Top of Input for this task

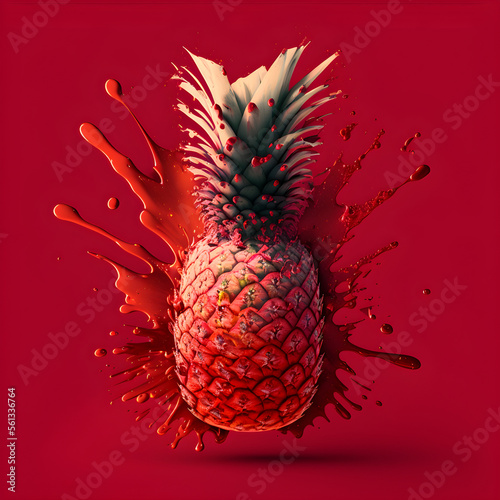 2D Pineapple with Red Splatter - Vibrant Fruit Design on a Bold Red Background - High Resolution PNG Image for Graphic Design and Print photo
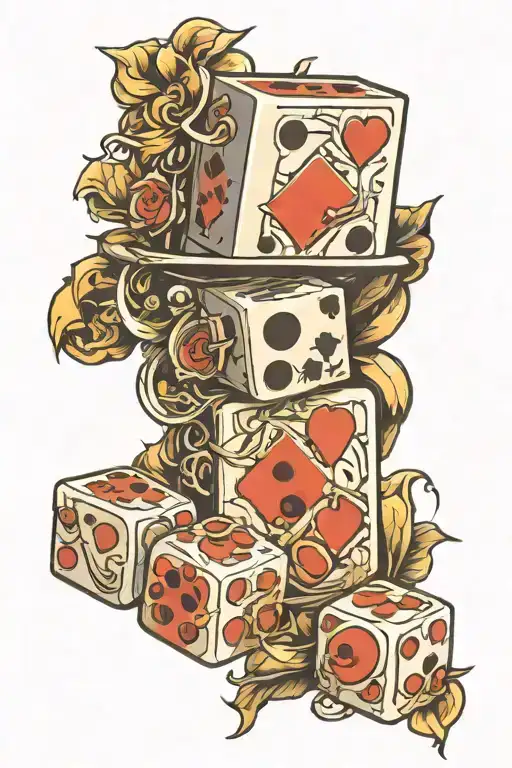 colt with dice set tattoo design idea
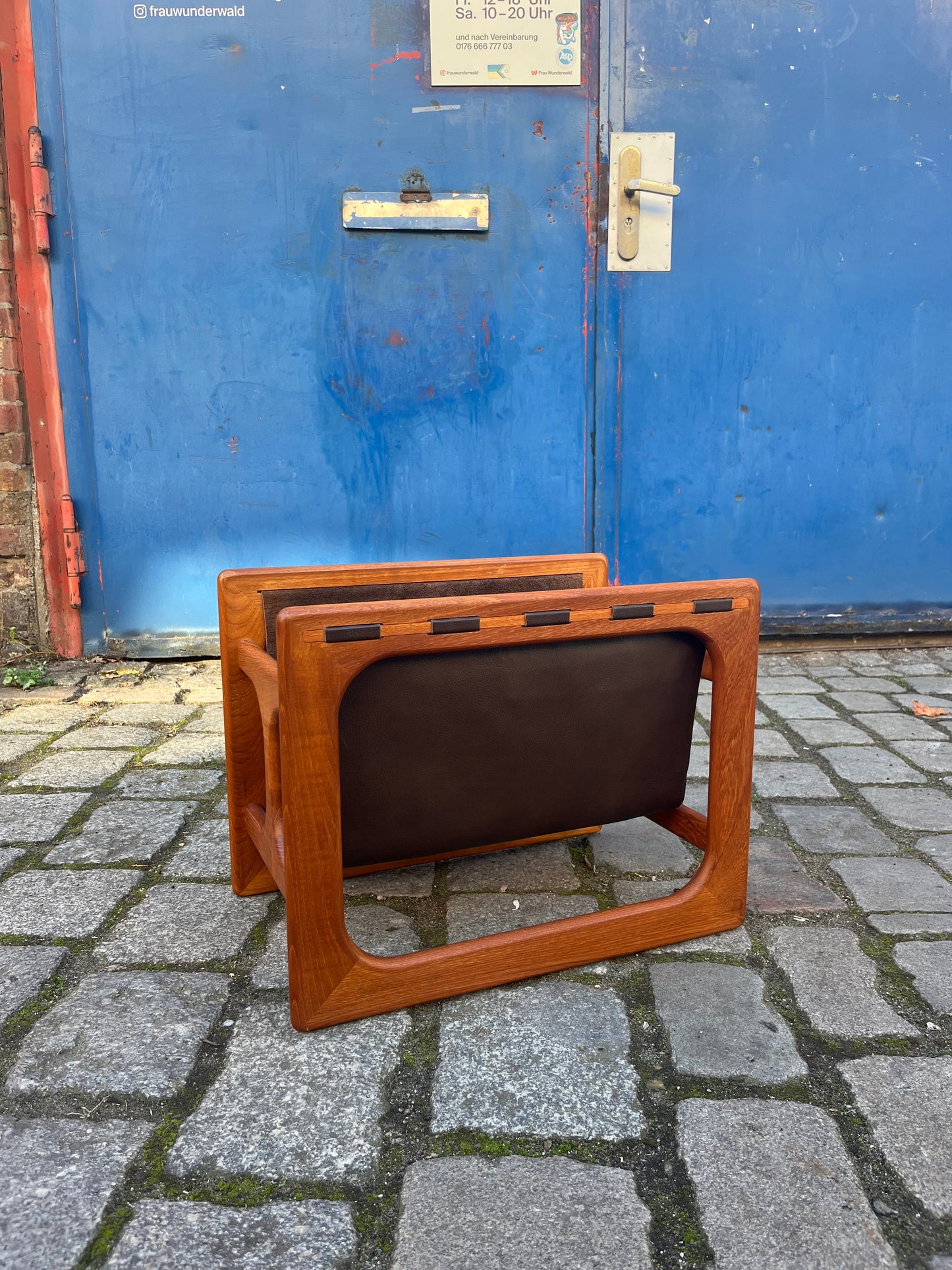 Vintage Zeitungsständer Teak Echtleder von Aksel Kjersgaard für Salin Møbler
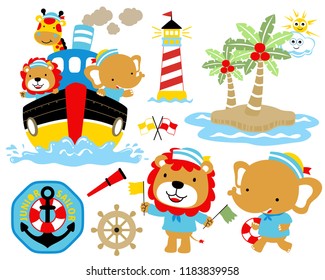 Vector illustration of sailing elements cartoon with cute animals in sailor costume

Bottom of Input for this task
Top of Input for this task

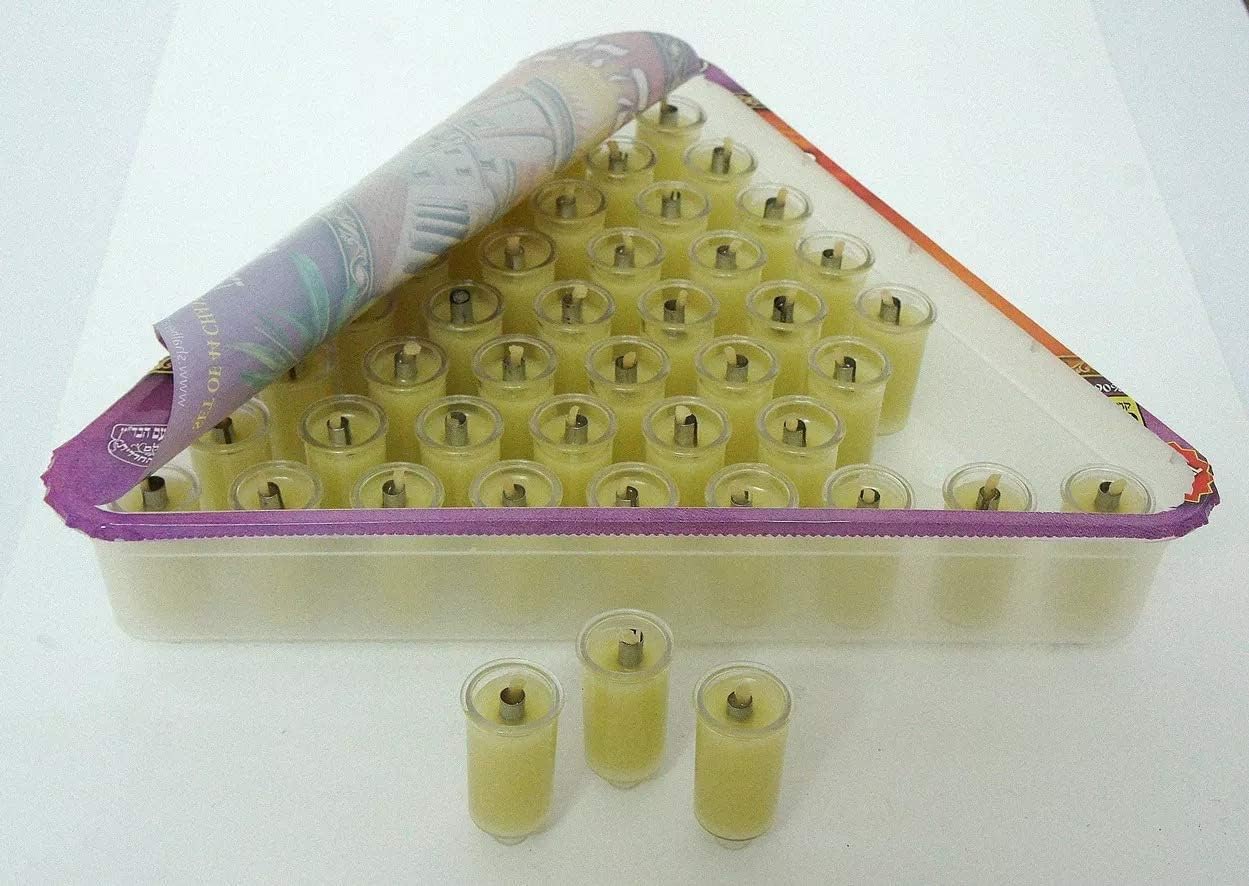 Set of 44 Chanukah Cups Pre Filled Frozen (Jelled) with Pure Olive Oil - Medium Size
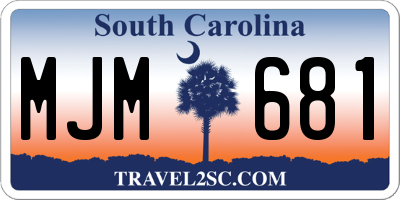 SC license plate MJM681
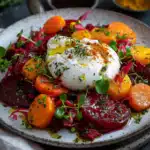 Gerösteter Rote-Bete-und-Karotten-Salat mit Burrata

Bottom of Input for this task

▶ **Task description**: Output exactly the lines above, from the line with "2D Pineapple with" to the line with "Vector illustration of", both included; skip the pictures.

▶ **Answer section**:
 2D Pineapple with Red Splatter - Vibrant Fruit Design on a Bold Red Background - High Resolution PNG Image for Graphic Design and Print photo
 colt with dice set tattoo design idea
 Vintage Zeitungsständer Teak Echtleder von Aksel Kjersgaard für Salin Møbler
 Vector illustration of sailing elements cartoon with cute animals in sailor costume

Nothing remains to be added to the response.